Georgia Power had 5,500 personnel working on power restoration statewide. Although less devastating locally, Hurricane Irma was a much bigger problem for Georgia Power than Hurricane Matthew had been.
“It’s obviously been a statewide event, unlike Hurricane Matthew, which affected more of a localized, coastal region,” Sawhill said.
Every downed power line situation is unique, he said, and confirmed that the easier restorations, and those affecting the most customers, are handled first.
“By Friday I would certainly expect a hundred percent,” Sawhill said. “The last ones are always the hardest ones to do. But we have all the confidence in the world that we’ll get there.”
Meanwhile, Excelsior Electric Membership Corporation reported 18,110 of its member customers were without power throughout its eight-county service area at the peak of outages Monday. In an update emailed before 11 p.m. Monday, Excelsior reported that it was working to restore electric service to 9,761 customers still affected by outages.
As of 9 p.m. Tuesday, Excelsior’s online outage map showed the number had been reduced to 3,196 customers throughout the service area. This included 1,547 customers in Bulloch County.
Bulloch Schools reopen
Power and water remained concerns as Bulloch County Schools officials decided when to welcome students back after the storm. But eventually, Hayley Greene, the school district’s public relations specialist, announced that all 15 schools will be open for classes Wednesday. Nevils Elementary School was the last to be confirmed, about 7:45 p.m.

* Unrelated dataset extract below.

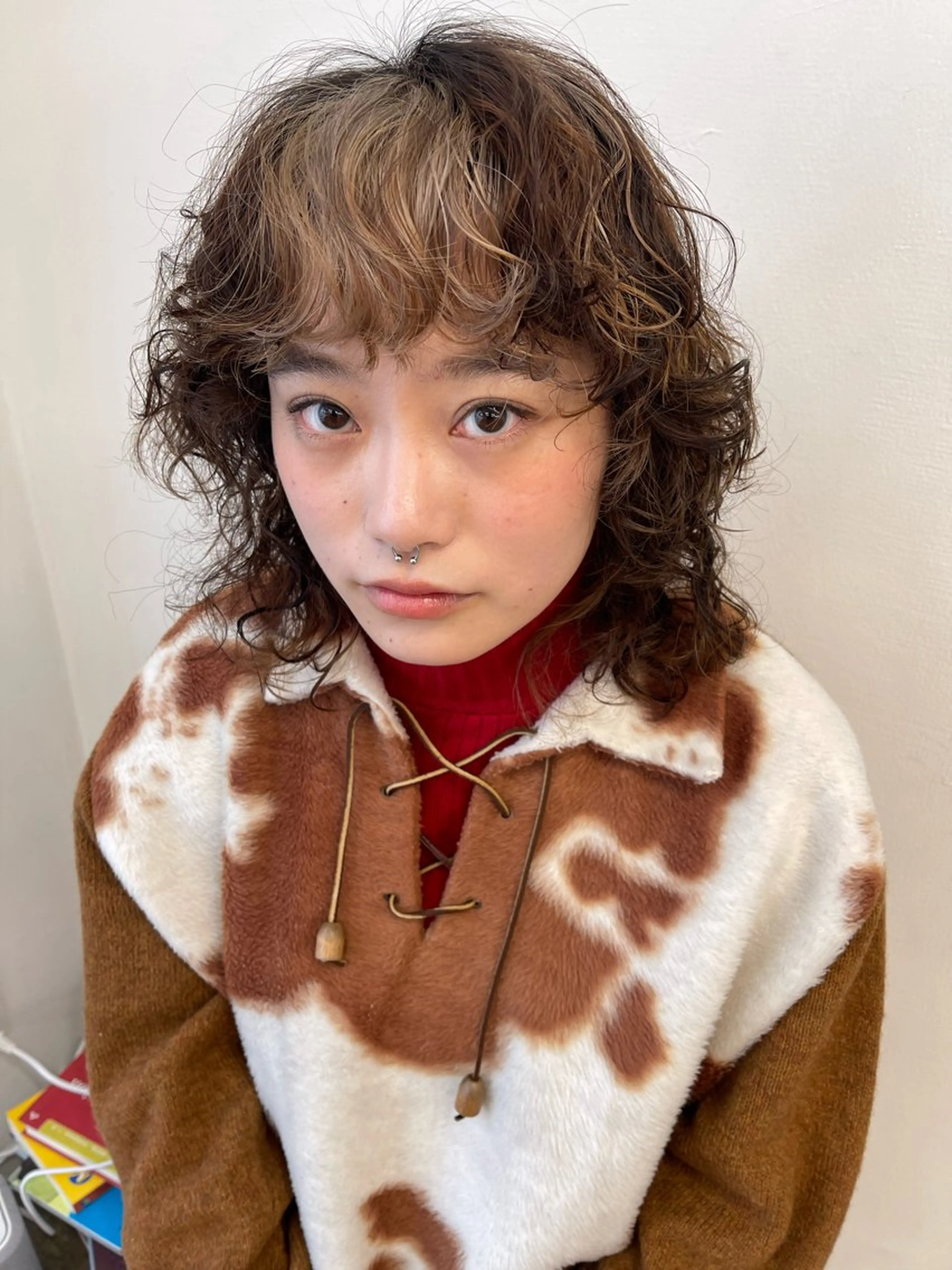 ミディアム パーマ カット ヘアカラー パーマ pole/apartment所属・💓パーマ，💗 レイヤーカットのヘアスタイル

Tuesday, after its water supply was restored.
OTC, GSU later
Ogeechee Technical College announced it is reopening for faculty and staff members Wednesday, with classes for students to resume Thursday.
Georgia Southern University will be closed and classes will be canceled “through Thursday, Sept. 14 and until further notice,” the university’s communications office stated in an email Tuesday.

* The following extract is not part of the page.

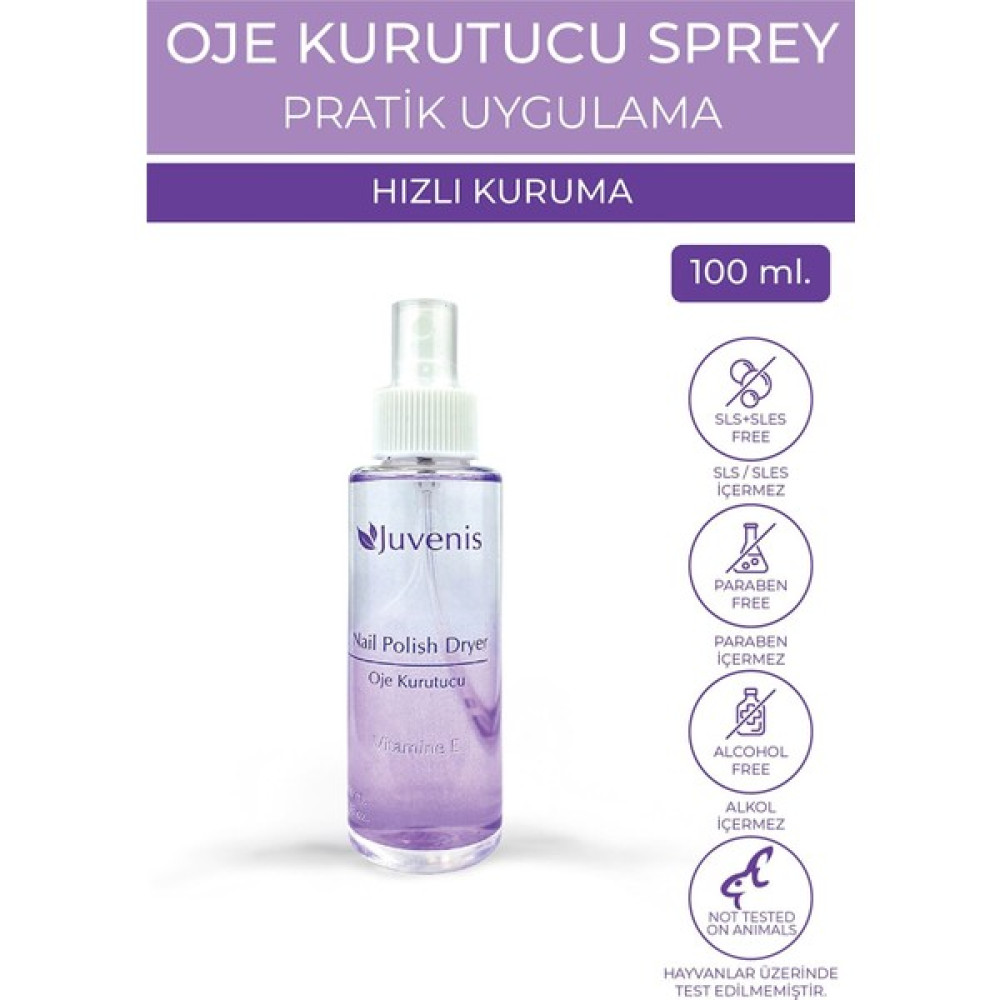 Juvenis Oje Kurutucu Hızlı Oje Kurutma E Vitaminli Yağ ve İz Bırakmayan Oje Kurutucu Sprey 100ml Oto Boyaları Fiyatı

“We will continue to monitor campus conditions and travel issues across the state in an effort to ensure that our area is safe and our students are able to travel safely back to campus,” the notice stated.

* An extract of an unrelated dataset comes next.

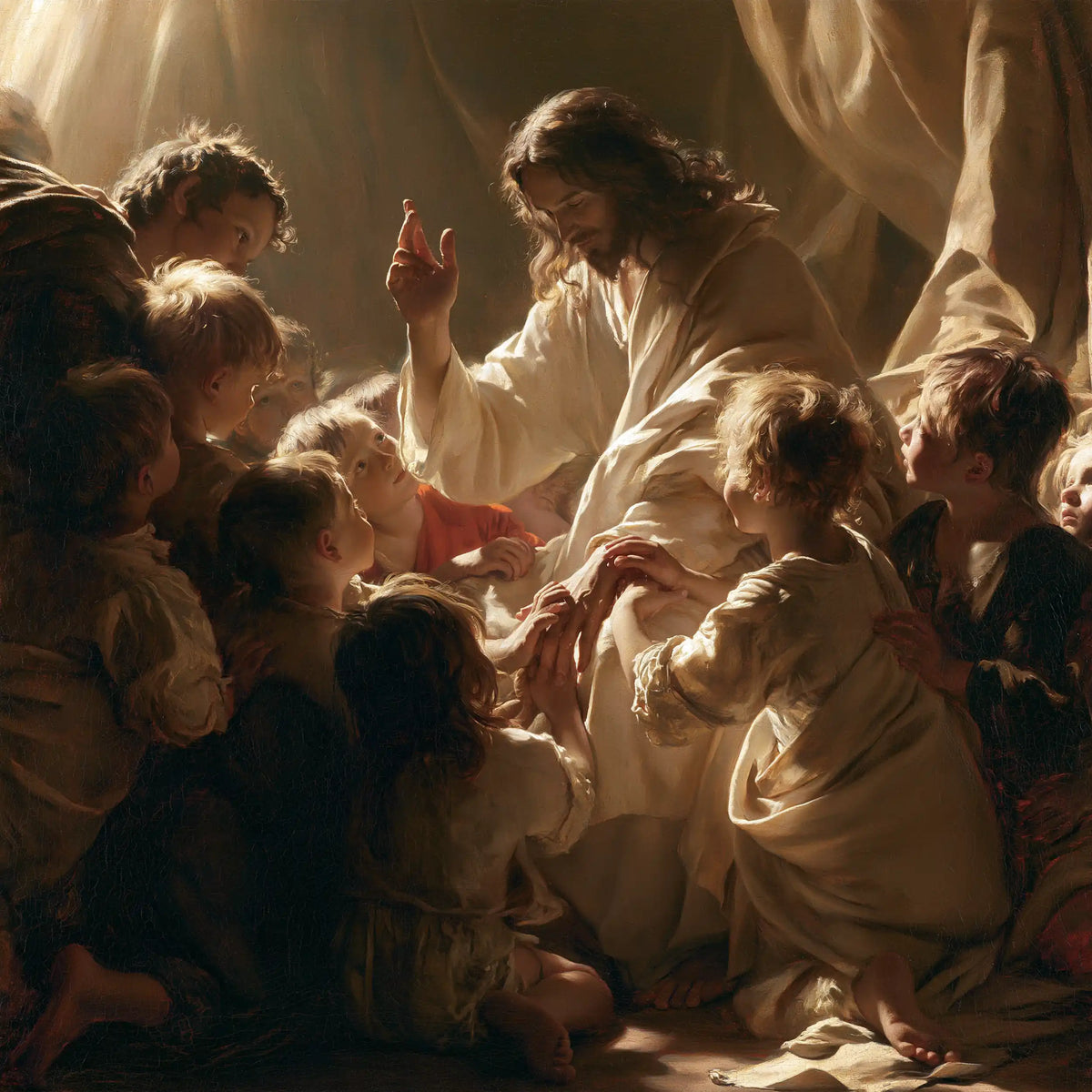 Jesus and the Children — The Circle beneath Ivory Hangings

The university’s updates are posted at www.georgiasouthern.edu/alert.
Bulloch County government offices and Statesboro City Hall were set to reopen Wednesday.
Bulloch County’s solid waste collection centers will reopen for normal hours Wednesday. However, the staffed solid waste convenience sites will accept only spoiled food and household garbage for now, said Bulloch County Manager Tom Couch.
“No bulk or yard waste at this time,” said his emailed notice.
Once the demand for disposing of spoiled food passes, the centers will transition to taking yard debris, as well as household garbage, but only after further notice is given, Couch said.
Additionally, the county is asking residents not to put yard waste at the curb. Instead, it should be taken to solid waste convenience centers, he said.
With far less vegetative debris than was created by Hurricane Matthew, county and city officials don’t know yet whether there will be any federal disaster funding to cover the cost of a special cleanup effort.
Volunteers with Bulloch County VOAD, the local Volunteer Organization Active in Disaster, set up a free kitchen at lunchtime Tuesday at First United Methodist Church in Statesboro, offering hot meals to people who lost their home food supplies or had no electricity
Because of limited demand, VOAD had not announced an additional hot meal service or shower stations after Tuesday. But Statesboro Food Bank and Christian Social Ministries will be providing bags of food for home preparation 10 a.m. to 2 p.m. Wednesday with no eligibility requirements, said DeWayne Grice of Bulloch VOAD.